CCP announces it will loosen ‘zero-COVID’ grip amidst reports of lockdowns and protests

by Jacob Fuller


China on Wednesday announced the most sweeping changes to its resolute anti-COVID regime since the pandemic began three years ago, loosening tyrannical rules that sparked protests and hobbled the world’s second-largest economy, and by relation, the world economy.

The relaxation of rules, which includes allowing infected people with mild symptoms to quarantine at home and dropping testing for people traveling domestically, is the clearest sign that Beijing may be pivoting away from its zero-COVID policy to let people live with the disease.

But health officials are still warning that they will closely watch trends in deaths and adequacy of medical resources in case a return to “tougher measures is needed.”

In fact, amidst the government’s announced rules changes, online reports continue to show Chinese government officials welding apartment buildings’ doors closed, reportedly with residents inside in order to quarantine COVID outbreaks.

Many of the changes announced by the National Health Commission (NHC) reflected steps already taken in various cities and regions in recent days, following protests against draconian COVID lockdowns. Recent protests, some of which turned violent, were the biggest demonstration of public discontent since President Xi Jinping came to power in 2012.

Citizens cheered the prospect of a shift that could see China slowly emerging back into the world three years after the virus originated in the central city of Wuhan in late 2019.

Wednesday’s announcement soared to the most viewed topic on China‘s Weibo platform, with many hoping for normality after policies that have brought mental suffering to tens of millions.

“It’s time for our lives to return to normal, and for China to return to the world,” wrote one Weibo user.

For nearly three years, China has managed COVID as a disease on par with bubonic plague and cholera and as cases spread earlier this year, whole communities were locked down, sometimes for months.

Dozens of people also flocked to the Weibo account of Li Wenliang, a doctor in Wuhan who died in 2020 after sounding an early alarm about COVID-19 and whose last post has been an online haven for those looking to vent about personal woes and public policies.
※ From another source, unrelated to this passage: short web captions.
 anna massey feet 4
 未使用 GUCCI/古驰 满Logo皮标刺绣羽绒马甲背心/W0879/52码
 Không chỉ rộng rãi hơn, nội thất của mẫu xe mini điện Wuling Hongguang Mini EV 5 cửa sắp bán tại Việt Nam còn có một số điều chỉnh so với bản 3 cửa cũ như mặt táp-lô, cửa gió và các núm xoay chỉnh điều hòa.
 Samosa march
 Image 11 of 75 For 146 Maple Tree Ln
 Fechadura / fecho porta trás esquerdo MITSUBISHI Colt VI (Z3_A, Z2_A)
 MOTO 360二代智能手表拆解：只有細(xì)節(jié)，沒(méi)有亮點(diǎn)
“Doctor, we’ve made it through, we’re going to be free,” wrote one user. “Daylight is here,” wrote another.

Shanghai was among the first to announce that it would put the new home quarantine guidelines in place and also remove rules on travelers entering the city. The Shanghai Disneyland theme park will reopen for visitors on Thursday.

Some investors also welcomed the shift that could reinvigorate China‘s sagging economy and currency and bolster global growth.
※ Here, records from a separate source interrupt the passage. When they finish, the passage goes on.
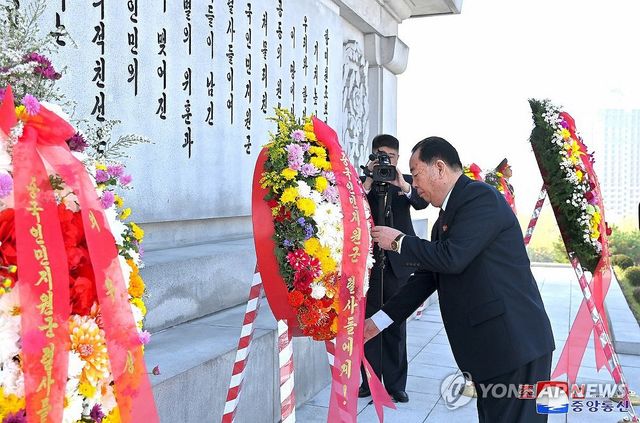 북한, 중국인민지원군 참전 74주년 맞아 우의탑 헌화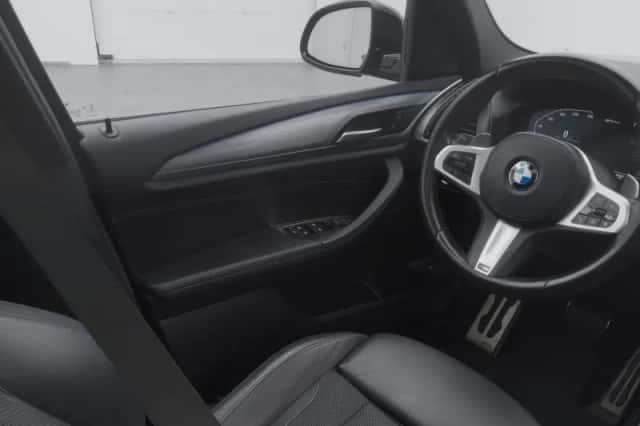 BMW X3 (2021) thumbnail 11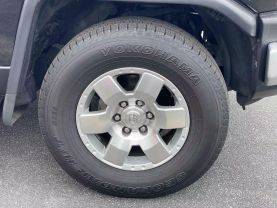 Used 2007 TOYOTA FJ CRUISER SUV V6, 4.0 LITER SPORT UTILITY 2D - LA Auto Star located in Virginia Beach, VA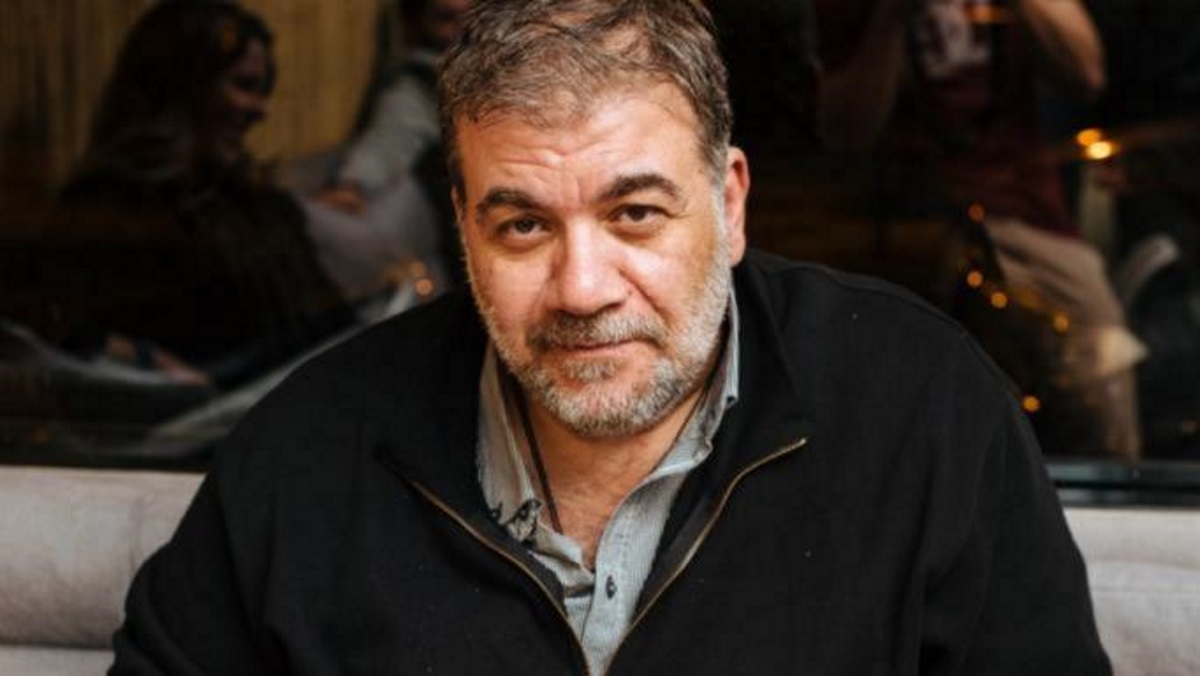 Ο Δημήτρης Σταρόβας ξέσπασε σε κλάματα πάνω στη σκηνή για τον Λαυρέντη Μαχαιρίτσα! [vid]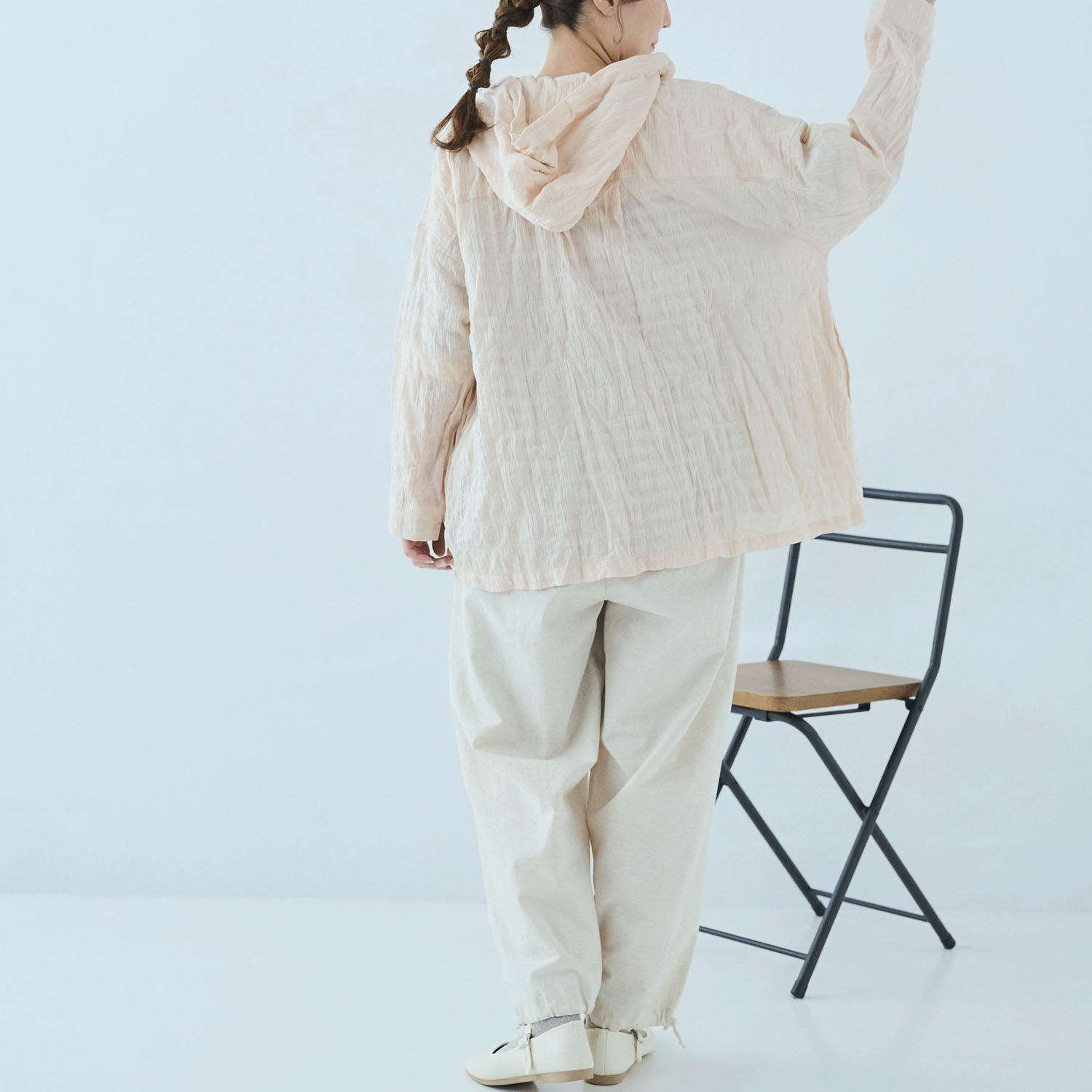 cloudnine 先染めC／Pu布帛無地フード付きアウター - 画像9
“This change of policy is a big step forward,” said Zhiwei Zhang, chief economist at Pinpoint Asset Management. “I expect China will fully reopen its border no later than mid-2023.”
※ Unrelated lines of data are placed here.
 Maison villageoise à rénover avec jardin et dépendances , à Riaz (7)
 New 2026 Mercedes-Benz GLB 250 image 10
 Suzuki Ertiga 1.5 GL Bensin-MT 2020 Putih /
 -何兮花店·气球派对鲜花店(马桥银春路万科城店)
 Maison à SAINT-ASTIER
Foreign businesses in China also hope the changes will mark a shift to a broader opening.

“We need the business environment here to return to a level of predictability whereby companies can return to normal operations,” Colm Rafferty, chairman of the American Chamber of Commerce in China, said in a statement.

But NHC spokesperson Mi Feng told a news conference that any changes to measures regarding inbound travel would be “gradual”.

Protests and changing the terminology

The policy changes were announced after Xi, who regards China‘s relentless fight against COVID as one of his main achievements, chaired a meeting of the Communist Party’s Politburo on Tuesday.

Some analysts seized on a report on the meeting by the official news agency Xinhua that lacked any mention of the “dynamic zero-COVID clearing” policy, which demands cases be brought down to zero as quickly as possible.

While it was unclear whether this was a signal of a fundamental change in stance, health officials at press conferences after the roll-out of the latest measures all emphasized “dynamic optimization” of anti-epidemic measures rather than eliminating all infections.

Major cities across China, including Beijing and Shanghai, were gripped by protests last month, which started to subside amid a heavy police presence and various restrictions being lifted in different parts of the country.

Officials have not linked any of the changes, made on Wednesday or earlier, to the protests.